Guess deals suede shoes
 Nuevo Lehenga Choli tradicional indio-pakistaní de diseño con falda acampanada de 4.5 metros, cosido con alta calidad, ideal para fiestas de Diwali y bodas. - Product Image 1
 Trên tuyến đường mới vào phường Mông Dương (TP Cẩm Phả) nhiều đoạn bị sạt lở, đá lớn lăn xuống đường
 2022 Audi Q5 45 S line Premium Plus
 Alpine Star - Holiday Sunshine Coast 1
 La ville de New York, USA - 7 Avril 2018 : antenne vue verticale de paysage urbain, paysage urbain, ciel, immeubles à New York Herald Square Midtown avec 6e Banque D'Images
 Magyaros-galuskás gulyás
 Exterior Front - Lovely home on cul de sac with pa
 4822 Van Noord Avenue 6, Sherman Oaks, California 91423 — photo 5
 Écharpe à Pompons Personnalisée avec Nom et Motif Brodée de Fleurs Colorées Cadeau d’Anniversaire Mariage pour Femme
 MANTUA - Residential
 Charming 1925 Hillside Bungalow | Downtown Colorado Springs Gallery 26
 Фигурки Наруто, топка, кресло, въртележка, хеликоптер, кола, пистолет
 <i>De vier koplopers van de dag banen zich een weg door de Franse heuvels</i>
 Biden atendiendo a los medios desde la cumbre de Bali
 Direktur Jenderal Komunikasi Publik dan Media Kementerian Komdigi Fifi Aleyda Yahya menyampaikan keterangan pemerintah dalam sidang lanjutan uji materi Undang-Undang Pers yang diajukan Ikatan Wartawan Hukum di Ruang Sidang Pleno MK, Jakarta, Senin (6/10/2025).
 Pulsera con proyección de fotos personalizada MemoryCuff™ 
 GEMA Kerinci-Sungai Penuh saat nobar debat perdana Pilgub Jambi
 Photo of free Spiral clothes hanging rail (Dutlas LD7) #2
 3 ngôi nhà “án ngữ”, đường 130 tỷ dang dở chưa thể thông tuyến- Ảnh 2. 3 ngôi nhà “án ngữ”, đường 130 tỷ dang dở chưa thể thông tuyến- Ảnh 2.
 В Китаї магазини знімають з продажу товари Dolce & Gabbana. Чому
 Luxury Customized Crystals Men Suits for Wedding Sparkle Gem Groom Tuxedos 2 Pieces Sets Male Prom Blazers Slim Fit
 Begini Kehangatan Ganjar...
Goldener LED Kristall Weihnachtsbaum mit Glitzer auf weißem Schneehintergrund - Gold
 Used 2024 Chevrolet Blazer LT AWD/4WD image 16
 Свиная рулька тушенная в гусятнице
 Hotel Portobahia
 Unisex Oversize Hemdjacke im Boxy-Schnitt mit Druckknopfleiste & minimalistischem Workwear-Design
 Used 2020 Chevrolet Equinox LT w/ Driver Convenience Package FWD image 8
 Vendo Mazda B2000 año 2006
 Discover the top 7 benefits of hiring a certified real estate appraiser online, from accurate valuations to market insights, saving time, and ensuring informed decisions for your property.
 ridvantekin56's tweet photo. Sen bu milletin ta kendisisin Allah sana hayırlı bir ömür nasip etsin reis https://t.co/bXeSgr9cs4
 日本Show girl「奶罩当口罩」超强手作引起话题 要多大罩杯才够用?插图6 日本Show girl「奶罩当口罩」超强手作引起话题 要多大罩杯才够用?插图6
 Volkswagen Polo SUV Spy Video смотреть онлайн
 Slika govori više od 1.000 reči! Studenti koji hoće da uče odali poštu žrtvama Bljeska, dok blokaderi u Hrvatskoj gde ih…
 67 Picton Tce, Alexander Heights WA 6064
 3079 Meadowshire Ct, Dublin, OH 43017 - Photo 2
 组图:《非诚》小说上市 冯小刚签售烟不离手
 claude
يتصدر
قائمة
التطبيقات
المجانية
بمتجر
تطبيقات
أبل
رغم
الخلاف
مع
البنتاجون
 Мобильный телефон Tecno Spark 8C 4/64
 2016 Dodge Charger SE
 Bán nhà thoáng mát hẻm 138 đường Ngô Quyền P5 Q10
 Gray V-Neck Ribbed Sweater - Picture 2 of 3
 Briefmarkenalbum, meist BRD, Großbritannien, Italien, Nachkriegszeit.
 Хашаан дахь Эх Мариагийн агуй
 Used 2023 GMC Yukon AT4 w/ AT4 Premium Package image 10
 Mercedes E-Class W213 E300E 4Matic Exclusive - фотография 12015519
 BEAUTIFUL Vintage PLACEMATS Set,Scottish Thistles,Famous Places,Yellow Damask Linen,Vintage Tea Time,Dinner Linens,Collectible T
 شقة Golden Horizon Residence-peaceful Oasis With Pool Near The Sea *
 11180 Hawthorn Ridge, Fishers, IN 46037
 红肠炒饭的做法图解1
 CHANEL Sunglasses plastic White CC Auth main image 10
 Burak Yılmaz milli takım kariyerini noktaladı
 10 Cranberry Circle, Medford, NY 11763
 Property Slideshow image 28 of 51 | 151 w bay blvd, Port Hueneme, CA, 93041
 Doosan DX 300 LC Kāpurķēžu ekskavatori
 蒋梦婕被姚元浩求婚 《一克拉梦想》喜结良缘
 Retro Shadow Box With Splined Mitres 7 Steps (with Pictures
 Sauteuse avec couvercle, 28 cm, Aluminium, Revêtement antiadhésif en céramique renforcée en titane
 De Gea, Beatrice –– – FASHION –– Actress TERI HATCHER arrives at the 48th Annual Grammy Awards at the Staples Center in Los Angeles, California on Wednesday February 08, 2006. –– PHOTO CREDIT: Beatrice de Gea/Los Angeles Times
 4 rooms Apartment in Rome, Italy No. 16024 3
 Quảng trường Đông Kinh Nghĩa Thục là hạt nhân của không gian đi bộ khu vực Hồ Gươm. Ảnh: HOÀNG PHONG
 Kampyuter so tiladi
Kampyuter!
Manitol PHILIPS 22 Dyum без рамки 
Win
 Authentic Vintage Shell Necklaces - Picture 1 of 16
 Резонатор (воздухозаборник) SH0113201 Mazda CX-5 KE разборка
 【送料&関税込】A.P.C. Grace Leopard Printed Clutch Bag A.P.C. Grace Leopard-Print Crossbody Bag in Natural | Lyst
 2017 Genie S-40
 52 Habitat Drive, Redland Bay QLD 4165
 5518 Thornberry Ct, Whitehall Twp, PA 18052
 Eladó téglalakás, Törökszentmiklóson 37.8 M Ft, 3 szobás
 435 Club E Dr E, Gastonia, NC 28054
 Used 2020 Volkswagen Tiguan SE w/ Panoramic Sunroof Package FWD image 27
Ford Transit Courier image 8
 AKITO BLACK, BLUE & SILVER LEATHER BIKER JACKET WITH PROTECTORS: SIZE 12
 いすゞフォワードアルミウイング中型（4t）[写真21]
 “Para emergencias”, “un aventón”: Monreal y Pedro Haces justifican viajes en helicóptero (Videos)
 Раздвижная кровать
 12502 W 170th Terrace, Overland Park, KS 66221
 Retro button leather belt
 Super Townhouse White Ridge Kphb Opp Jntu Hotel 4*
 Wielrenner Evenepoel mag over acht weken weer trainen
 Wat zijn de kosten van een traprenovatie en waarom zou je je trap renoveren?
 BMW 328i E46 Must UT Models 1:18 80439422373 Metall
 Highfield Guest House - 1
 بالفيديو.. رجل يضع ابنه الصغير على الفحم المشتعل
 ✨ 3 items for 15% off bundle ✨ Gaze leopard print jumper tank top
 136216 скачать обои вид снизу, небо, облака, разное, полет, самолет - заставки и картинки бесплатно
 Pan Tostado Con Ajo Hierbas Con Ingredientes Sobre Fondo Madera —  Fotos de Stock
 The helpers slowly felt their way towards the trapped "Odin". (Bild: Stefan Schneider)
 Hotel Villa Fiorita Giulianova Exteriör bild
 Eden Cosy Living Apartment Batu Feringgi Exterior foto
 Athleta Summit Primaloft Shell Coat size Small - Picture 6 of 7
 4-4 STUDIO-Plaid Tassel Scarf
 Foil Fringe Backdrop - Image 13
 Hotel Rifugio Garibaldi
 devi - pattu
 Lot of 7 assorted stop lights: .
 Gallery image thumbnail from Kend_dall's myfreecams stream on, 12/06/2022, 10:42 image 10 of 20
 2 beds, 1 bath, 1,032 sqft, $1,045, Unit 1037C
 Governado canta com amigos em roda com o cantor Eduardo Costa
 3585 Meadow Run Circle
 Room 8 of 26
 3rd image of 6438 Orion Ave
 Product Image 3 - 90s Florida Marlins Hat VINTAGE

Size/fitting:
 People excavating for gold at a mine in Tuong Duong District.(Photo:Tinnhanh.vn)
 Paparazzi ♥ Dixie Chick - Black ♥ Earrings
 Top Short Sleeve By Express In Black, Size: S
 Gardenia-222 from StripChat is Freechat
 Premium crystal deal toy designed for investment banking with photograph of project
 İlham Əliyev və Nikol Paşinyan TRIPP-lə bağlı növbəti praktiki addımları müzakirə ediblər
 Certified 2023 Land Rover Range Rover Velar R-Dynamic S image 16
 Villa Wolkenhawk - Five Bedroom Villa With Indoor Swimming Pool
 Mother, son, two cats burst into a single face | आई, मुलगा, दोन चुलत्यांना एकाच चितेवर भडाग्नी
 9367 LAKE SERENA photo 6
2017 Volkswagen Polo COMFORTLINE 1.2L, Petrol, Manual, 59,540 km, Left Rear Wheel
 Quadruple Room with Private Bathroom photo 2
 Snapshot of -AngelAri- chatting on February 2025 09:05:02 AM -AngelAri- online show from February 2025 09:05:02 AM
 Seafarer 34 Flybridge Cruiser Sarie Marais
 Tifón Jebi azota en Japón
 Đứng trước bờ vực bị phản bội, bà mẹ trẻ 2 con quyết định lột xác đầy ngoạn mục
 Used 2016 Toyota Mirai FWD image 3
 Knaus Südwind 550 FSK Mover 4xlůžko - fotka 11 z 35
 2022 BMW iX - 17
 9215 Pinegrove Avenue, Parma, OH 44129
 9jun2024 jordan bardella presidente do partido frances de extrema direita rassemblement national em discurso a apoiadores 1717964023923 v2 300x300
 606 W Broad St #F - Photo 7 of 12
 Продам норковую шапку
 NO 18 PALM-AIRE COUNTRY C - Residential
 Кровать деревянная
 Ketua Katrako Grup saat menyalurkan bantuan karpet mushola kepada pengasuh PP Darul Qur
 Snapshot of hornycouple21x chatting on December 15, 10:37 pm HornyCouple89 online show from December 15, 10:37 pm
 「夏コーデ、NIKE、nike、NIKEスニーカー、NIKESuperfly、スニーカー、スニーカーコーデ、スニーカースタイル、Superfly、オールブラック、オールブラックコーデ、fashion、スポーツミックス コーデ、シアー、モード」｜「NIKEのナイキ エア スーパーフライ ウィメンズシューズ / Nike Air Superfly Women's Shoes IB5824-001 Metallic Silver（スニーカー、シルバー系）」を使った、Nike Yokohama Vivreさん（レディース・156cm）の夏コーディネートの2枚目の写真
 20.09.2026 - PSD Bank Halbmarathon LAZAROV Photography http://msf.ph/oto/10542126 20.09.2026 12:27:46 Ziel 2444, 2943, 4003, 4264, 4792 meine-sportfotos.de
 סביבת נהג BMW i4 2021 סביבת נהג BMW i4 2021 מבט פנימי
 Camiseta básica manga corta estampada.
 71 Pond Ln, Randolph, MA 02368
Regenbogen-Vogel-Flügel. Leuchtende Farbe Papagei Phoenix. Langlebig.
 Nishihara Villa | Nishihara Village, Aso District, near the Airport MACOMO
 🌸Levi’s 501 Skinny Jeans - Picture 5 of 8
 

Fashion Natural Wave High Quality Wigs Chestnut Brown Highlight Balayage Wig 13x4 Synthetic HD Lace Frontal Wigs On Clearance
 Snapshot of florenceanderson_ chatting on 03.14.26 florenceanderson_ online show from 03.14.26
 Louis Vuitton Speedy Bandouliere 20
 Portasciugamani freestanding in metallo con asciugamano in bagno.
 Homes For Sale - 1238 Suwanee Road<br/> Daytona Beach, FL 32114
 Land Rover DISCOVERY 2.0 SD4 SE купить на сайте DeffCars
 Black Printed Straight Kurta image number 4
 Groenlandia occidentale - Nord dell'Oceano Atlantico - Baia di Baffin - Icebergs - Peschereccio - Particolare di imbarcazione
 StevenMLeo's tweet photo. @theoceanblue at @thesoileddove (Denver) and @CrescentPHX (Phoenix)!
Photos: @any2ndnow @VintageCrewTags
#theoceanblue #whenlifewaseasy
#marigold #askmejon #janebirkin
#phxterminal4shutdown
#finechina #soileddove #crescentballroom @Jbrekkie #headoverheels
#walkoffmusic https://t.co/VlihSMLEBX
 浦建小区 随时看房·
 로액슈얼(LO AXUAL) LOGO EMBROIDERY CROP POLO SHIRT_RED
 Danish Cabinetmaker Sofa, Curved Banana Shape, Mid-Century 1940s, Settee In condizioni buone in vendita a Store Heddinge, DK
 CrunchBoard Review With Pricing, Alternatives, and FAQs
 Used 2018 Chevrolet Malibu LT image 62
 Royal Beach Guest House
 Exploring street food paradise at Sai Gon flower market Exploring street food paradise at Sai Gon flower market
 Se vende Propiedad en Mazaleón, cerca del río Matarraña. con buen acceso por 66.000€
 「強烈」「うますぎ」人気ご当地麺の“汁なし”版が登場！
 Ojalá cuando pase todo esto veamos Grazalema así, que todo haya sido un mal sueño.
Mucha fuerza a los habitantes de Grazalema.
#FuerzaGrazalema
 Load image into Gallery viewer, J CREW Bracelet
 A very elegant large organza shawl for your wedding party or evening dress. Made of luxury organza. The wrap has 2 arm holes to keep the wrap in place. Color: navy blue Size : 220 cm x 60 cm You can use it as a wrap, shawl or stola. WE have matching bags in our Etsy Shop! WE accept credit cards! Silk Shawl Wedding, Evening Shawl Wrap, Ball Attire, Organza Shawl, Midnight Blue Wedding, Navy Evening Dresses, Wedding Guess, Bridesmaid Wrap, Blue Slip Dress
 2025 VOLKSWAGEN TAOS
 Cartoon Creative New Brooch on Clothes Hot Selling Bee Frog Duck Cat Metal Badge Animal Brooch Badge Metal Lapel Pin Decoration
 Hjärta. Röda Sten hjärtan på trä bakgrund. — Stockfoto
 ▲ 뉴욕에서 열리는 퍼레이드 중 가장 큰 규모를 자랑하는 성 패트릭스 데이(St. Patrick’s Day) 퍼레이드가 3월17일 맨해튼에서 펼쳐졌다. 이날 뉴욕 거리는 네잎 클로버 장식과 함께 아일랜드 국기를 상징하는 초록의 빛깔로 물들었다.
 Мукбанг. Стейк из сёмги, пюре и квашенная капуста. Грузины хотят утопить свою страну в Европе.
----
# PROBLEM TO WORK ON:
Print exactly the lines above from the one with "tuyến- Ảnh 2. 3" to the one with "Used 2023 GMC", including both.

# OUTPUT:
 3 ngôi nhà “án ngữ”, đường 130 tỷ dang dở chưa thể thông tuyến- Ảnh 2. 3 ngôi nhà “án ngữ”, đường 130 tỷ dang dở chưa thể thông tuyến- Ảnh 2.
 В Китаї магазини знімають з продажу товари Dolce & Gabbana. Чому
 Luxury Customized Crystals Men Suits for Wedding Sparkle Gem Groom Tuxedos 2 Pieces Sets Male Prom Blazers Slim Fit
 Begini Kehangatan Ganjar...
Goldener LED Kristall Weihnachtsbaum mit Glitzer auf weißem Schneehintergrund - Gold
 Used 2024 Chevrolet Blazer LT AWD/4WD image 16
 Свиная рулька тушенная в гусятнице
 Hotel Portobahia
 Unisex Oversize Hemdjacke im Boxy-Schnitt mit Druckknopfleiste & minimalistischem Workwear-Design
 Used 2020 Chevrolet Equinox LT w/ Driver Convenience Package FWD image 8
 Vendo Mazda B2000 año 2006
 Discover the top 7 benefits of hiring a certified real estate appraiser online, from accurate valuations to market insights, saving time, and ensuring informed decisions for your property.
 ridvantekin56's tweet photo. Sen bu milletin ta kendisisin Allah sana hayırlı bir ömür nasip etsin reis https://t.co/bXeSgr9cs4
 日本Show girl「奶罩当口罩」超强手作引起话题 要多大罩杯才够用?插图6 日本Show girl「奶罩当口罩」超强手作引起话题 要多大罩杯才够用?插图6
 Volkswagen Polo SUV Spy Video смотреть онлайн
 Slika govori više od 1.000 reči! Studenti koji hoće da uče odali poštu žrtvama Bljeska, dok blokaderi u Hrvatskoj gde ih…
 67 Picton Tce, Alexander Heights WA 6064
 3079 Meadowshire Ct, Dublin, OH 43017 - Photo 2
 组图:《非诚》小说上市 冯小刚签售烟不离手
 claude
يتصدر
قائمة
التطبيقات
المجانية
بمتجر
تطبيقات
أبل
رغم
الخلاف
مع
البنتاجون
 Мобильный телефон Tecno Spark 8C 4/64
 2016 Dodge Charger SE
 Bán nhà thoáng mát hẻm 138 đường Ngô Quyền P5 Q10
 Gray V-Neck Ribbed Sweater - Picture 2 of 3
 Briefmarkenalbum, meist BRD, Großbritannien, Italien, Nachkriegszeit.
 Хашаан дахь Эх Мариагийн агуй
 Used 2023 GMC Yukon AT4 w/ AT4 Premium Package image 10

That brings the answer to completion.